DE FATO, a política brasileira tem um corpo separado dos membros. A situação explica, por exemplo, a distância entre as decisões das cúpulas partidárias e as ações das bases. Nos Estados, as alianças partidárias para 2010 serão desenhadas pela regra frankensteiniana. A amizade literalmente collorida entre “O-CARA” e Fernando Collor de Mello é apenas um aperitivo do que virá pela frente. Além da expressão aguda de Arthur Virgílio (PSDB-AM), líder do Partido da Social Democracia Brasileira (PSDB), qual é a outra voz tonitruante contra o lulismo no Senado Federal? É a do senador cearense Tasso Jereissati (PSDB-CE). Pois não é que esse receberá o apoio petista, por meio do comando do governador do Estado do Ceará, Cid Gomes (PSB-CE)?

MAS como a opinião pública reage diante de situações tão canhestras, como a situação de inimigos figadais que após duros embates se transformam em amigos cordiais? O substantivo que pode resumir o estado de espírito de muitos cidadãos é asco. E como a maioria política reage diante do asco? O verbo já foi declinado pelo deputado Sérgio Moraes (PTB-RS), ao dizer que "se lixava" para a opinião pública. Continua a ironizar a decisão do Conselho de Ética da Câmara dos Deputados no episódio do deputado Edmar Moreira (MG)- aquele do horrendo castelo: "A polêmica me deu muitos pontos, nunca recebi tantos convites na vida, ganhei espaço”.

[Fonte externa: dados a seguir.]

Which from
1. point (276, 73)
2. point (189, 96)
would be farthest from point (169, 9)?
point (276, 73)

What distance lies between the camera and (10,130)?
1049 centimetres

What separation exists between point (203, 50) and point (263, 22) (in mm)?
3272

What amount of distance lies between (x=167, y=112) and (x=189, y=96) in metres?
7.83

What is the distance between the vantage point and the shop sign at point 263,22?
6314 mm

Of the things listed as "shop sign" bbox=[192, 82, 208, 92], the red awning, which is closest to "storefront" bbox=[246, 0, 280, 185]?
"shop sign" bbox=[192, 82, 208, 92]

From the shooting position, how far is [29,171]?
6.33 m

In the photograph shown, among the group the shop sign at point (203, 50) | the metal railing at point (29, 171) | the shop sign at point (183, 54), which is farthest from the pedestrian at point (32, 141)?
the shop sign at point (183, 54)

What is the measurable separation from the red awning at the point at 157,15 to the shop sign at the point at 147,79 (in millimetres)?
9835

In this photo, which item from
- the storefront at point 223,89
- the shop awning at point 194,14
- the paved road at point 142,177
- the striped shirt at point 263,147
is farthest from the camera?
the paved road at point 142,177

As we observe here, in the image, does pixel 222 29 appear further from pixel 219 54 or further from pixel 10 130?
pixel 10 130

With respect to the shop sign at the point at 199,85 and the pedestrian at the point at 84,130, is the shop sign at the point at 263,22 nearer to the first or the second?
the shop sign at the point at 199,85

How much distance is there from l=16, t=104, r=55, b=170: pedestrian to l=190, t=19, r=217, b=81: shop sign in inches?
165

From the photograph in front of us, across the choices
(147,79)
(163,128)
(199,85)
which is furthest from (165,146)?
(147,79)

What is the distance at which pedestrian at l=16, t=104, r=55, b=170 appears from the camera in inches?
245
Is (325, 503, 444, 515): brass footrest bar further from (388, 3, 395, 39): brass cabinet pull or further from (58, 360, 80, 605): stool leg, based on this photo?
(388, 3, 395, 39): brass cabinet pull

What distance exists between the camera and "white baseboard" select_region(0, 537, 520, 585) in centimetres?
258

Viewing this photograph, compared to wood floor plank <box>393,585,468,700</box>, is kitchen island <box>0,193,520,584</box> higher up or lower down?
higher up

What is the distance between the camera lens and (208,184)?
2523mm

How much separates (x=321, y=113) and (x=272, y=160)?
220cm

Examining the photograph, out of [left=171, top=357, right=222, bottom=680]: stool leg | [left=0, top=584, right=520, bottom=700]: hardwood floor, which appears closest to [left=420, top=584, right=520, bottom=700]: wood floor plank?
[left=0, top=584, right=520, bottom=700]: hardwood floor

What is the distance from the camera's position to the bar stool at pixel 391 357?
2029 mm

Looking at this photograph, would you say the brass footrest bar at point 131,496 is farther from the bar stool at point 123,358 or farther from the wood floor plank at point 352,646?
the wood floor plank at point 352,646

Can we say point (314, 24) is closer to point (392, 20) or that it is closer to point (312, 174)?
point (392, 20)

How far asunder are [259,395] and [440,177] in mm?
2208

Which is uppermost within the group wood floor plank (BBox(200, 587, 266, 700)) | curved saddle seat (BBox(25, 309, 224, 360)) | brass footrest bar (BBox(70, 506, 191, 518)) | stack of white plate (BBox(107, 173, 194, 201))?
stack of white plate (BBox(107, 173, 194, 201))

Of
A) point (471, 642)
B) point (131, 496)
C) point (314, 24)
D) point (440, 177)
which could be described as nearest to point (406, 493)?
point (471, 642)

AQUI nos resta apenas pinçar a névoa do tempo para acompanhar Confúcio em visita à sagrada montanha chinesa de Taishan. Lá encontrou uma mulher cujos parentes haviam sido mortos por tigres. O sábio perguntou: "Por que não se muda daqui?" Veio o lamento: "Porque os políticos são mais ferozes que os tigres”.